June 2019 | By Chuck Carlson
Kathy Shindel, '67, was stationed in Japan, Italy, Turkey, Washington, D.C., and Arizona during her 23 years as an Air Force chaplain. She retired in 2003 after attaing the rank of colonel.Retired Air Force Chaplain Col. Katherine Shindel, ’67, plans to spend her 75th birthday next year somewhere in the neighborhood of the country of Sri Lanka as part of her trip around the world.
And, in more ways than one, she thanks her years at Albion College for that.
“Albion opened the world to me,” she says. “One of the reasons I’m so loyal to Albion is when all the plans in my life fell apart, if I’d been at a big school, I would have gone into a tailspin.”
But the Edwardsville, Ill., native, who went to Albion to eventually become a doctor before chemical allergies ended that dream, leaned on the people at Albion and she found a way forward.
“I knew I could come back to school with no declared major and I’d be accepted,” she says. “Life isn’t perfect, but Albion opened my world.”
And she’s never forgotten.
For nearly 40 years, Shindel, who ended up majoring in psychology, has made gifts to the Albion College Fund. Some years the gift was larger than others, but there was always something. And in 2019, she took it a step further, pledging a quarter of her estate to the Briton Scholarship Fund.
“My annual gift goes to whatever Albion needs,” she says. “I’m sitting here in my home in Arizona, so I trust the College that it goes wherever it needs to go.”
For Shindel, the reason for the long-term gift to Albion is simple.
“If I’d gone to a conservative Christian college, I wouldn’t have had the skills or the mindset to do what I’ve done in life,” she says. “I had four brothers and my father had a good job, but there was no way my parents could afford to send me to a private college without a scholarship, and that’s how I got into Albion. I’ve made my pledges over the years because I wanted other students to have the opportunity I had.”
And she’s had some remarkable opportunities.
Shindel, a practicing Methodist, had hoped to become a doctor and knew that Albion was a Methodist school that had a track record for helping women become doctors. But a freshman chemistry lab was a struggle for her, and when she eventually learned of her allergies, she realized she was not going to become a doctor.
Always interested in helping others, though, she switched majors, with a minor in sociology, and embarked on a new direction. She remembers, studying abroad in the former Yugolslavia, watching on TV the civil and social turmoil in the U.S.
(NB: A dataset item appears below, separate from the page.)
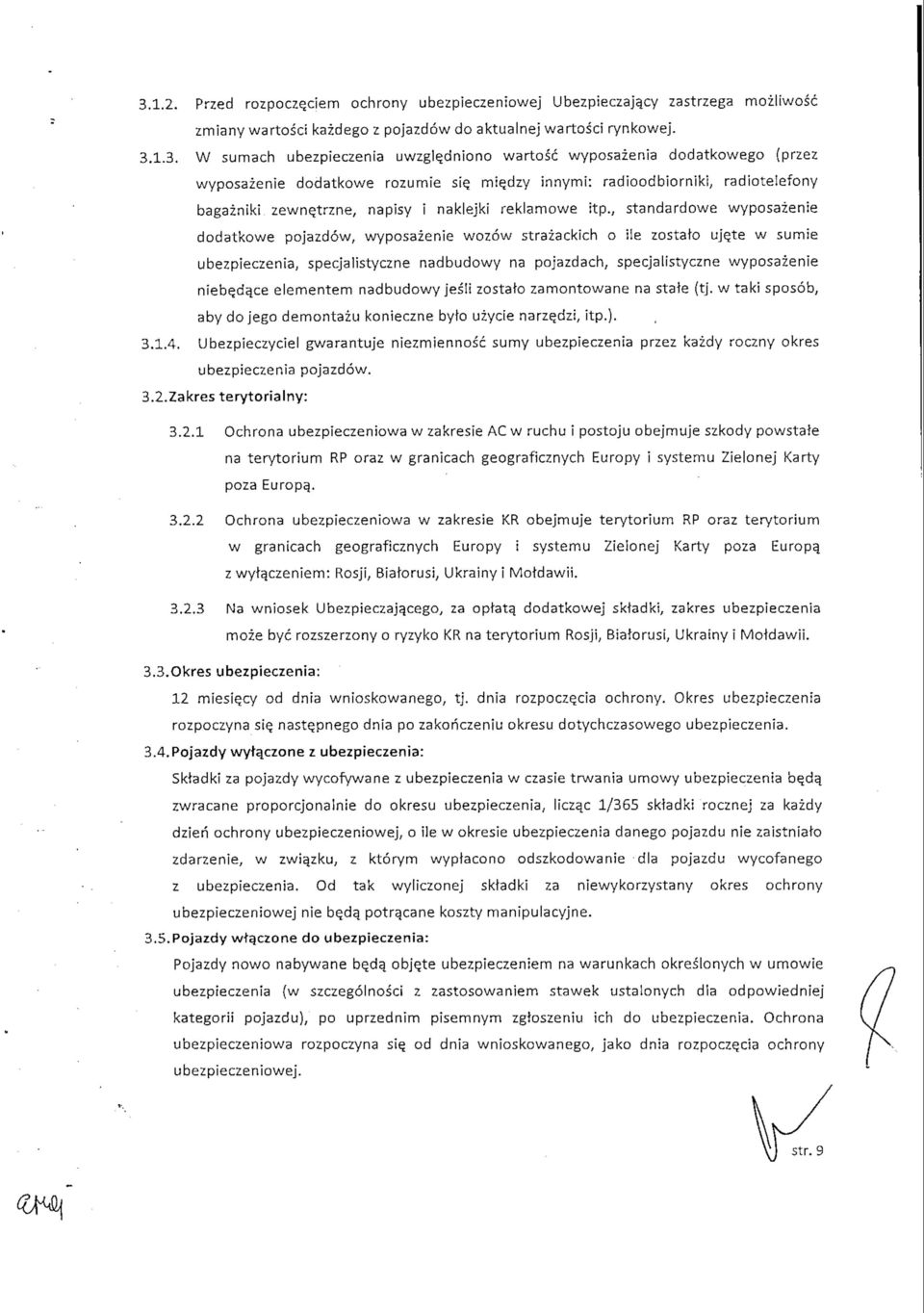 , standardowe wyposazenie dodatkowe pojazdow, wyposazenie wozow strazackich o ile zostato uje_te w sumie ubezpieczenia, specjalistyczne nadbudowy na pojazdach, specjalistyczne wyposazenie niebe_da_ce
“In the summer of 1966 I watched in Europe as neighborhoods in Chicago burned,” Shindel recalls. “I felt like I had to get involved in making things better at home instead of abroad.”
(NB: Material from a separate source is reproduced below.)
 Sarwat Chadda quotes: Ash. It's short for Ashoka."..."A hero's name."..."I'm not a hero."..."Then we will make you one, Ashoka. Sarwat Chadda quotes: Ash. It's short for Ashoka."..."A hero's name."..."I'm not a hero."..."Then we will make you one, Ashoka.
So after graduating from Albion, she did Methodist missionary work in Savannah, Ga., and eventually enrolled in the Union Theological Seminary in New York City, where she graduated in 1973. Two years later she was ordained as a United Methodist Church minister.
She went on to work as pastor of churches in the Illinois Great Rivers Annual Conference of the United Methodist Church before an Air Force chaplain showed up in her worship service in 1979 to recruit her.
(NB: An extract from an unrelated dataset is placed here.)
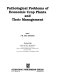 Pathological problems of economic crop plants and their management /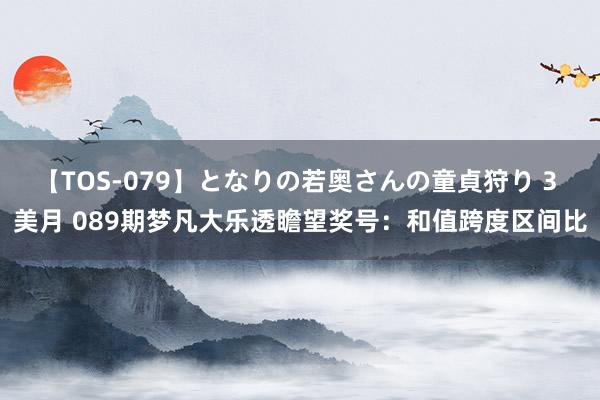 【TOS-079】となりの若奥さんの童貞狩り 3 美月 089期梦凡大乐透瞻望奖号：和值跨度区间比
“I laughed at it at first because I was so anti-war,” she remembers. “For six months I told God it was the stupidest thing I ever heard of, but the Air Force was looking for experienced women ministers under the age of 35 who were physically fit and under the weight limit. So I figured I’d give it a try. And in 1980 I became an Air Force chaplain. It’s funny how God calls you in ways you don’t anticipate. It was a perfect mixture of my skills and a setting for my ministry.”
Over the years, she would rise through the ranks and was stationed in Japan, Italy, Turkey, Washington, D.C., and Arizona. By the time she retired in 2003, she was just the third woman chaplain to reach the rank of colonel in active-duty Air Force.
She retired to the Tucson, Ariz., area and looks back on her journey in amazement.
“What I started to do when I came to Albion and what I ended up doing are totally different,” she says.
The last year, she admits, has been difficult for her physically. But she’s found her strength again and, in what she calls her “revenge,” she’s embarking on a trip around the world that will start in Fort Lauderdale, Fla., and lead to whatever is on the horizon.
It’s another adventure in a life teeming with adventure and, for Kathy Shindel, much of that is thanks to Albion.
“Of course,” she jokes, “after this trip my gift to Albion may be a little smaller.”